She caught the 10.42am Great Northern service from King's Cross station in London and arrived at platform two in King's Lynn on time, at 12.31pm.
Guarded from the cold by a brown coat, black gloves and headscarf, the Queen stepped from the front carriage of the train onto the platform.
She briefly mingled with passengers as she was escorted through a side exit to a waiting Range Rover.
Sandringham, the Queen's private estate in Norfolk, is a 30-minute drive from King's Lynn.
Passenger Phil Kay, 62, who boarded the train at Downham Market, said he did not know the Queen was on board until he arrived at King's Lynn and saw police and photographers on the platform.
He said: "I didn't see her, well, not that we went up that end of the train but it's marvellous isn't it?
"I think it's great that she does (travel by train).

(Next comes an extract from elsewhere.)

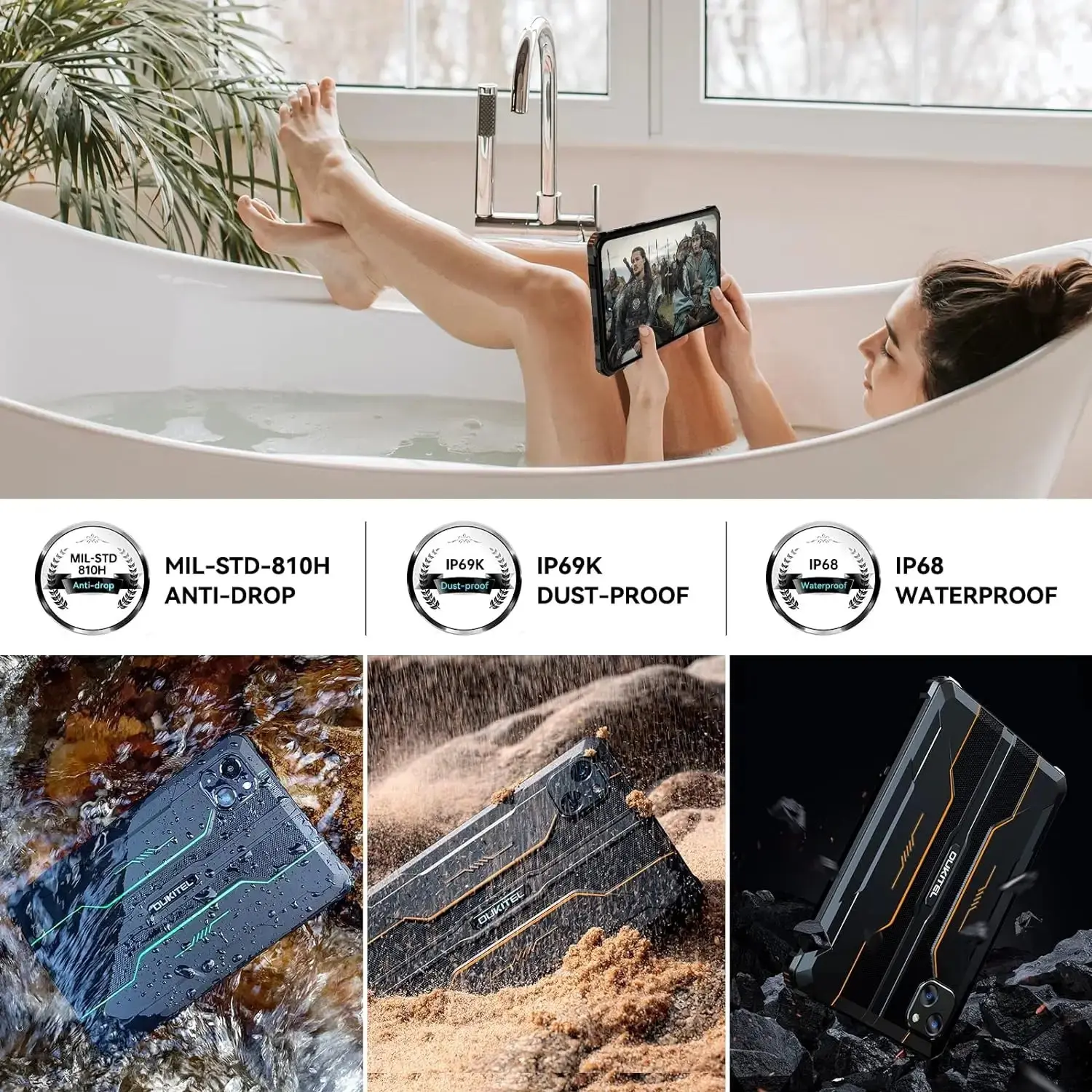 Oukitel RT3 4G RuggedTablet 8-inch 5150mAh Big Battery 16MP Camera Android 12(4GB+64GB) - Image 9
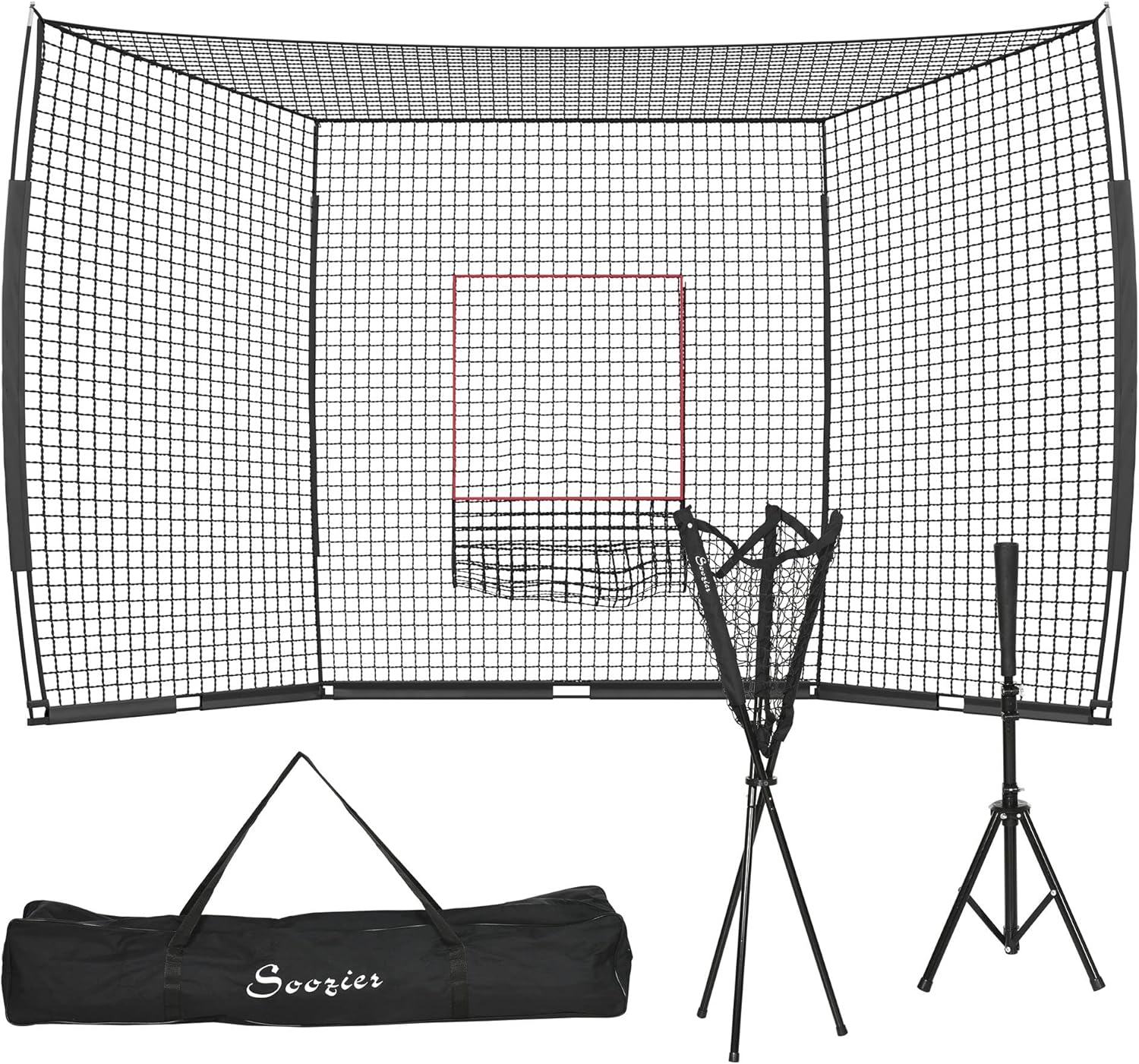 Soozier 17' x 5.5' Baseball Net with Strike Zone, Tee, Caddy, and Carry Bag for Pitching and Hitting, Portable Extra Large Softball and Baseball Training Equipment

"It just makes her more acceptable to the people doing things like that."
The Queen will be joined by other members of the royal family for part of the festive period and they will attend their traditional Christmas Day church service.
Harry and Meghan will be among those walking the short distance from Sandringham House to St Mary Magdalene Church on December 25.
The rest of the family will leave shortly after Christmas but the Queen and husband Prince Philip will stay at Sandringham until mid-February.
She continues her stay until this time, with all the Christmas decorations still up, to commemorate the death of her father at the house in Norfolk on February 6, 1952.
There was no sign of Philip on the train with the Queen today, but he was spotted arriving at the formal Buckingham Palace Christmas lunch yesterday so there are no major concerns for his health.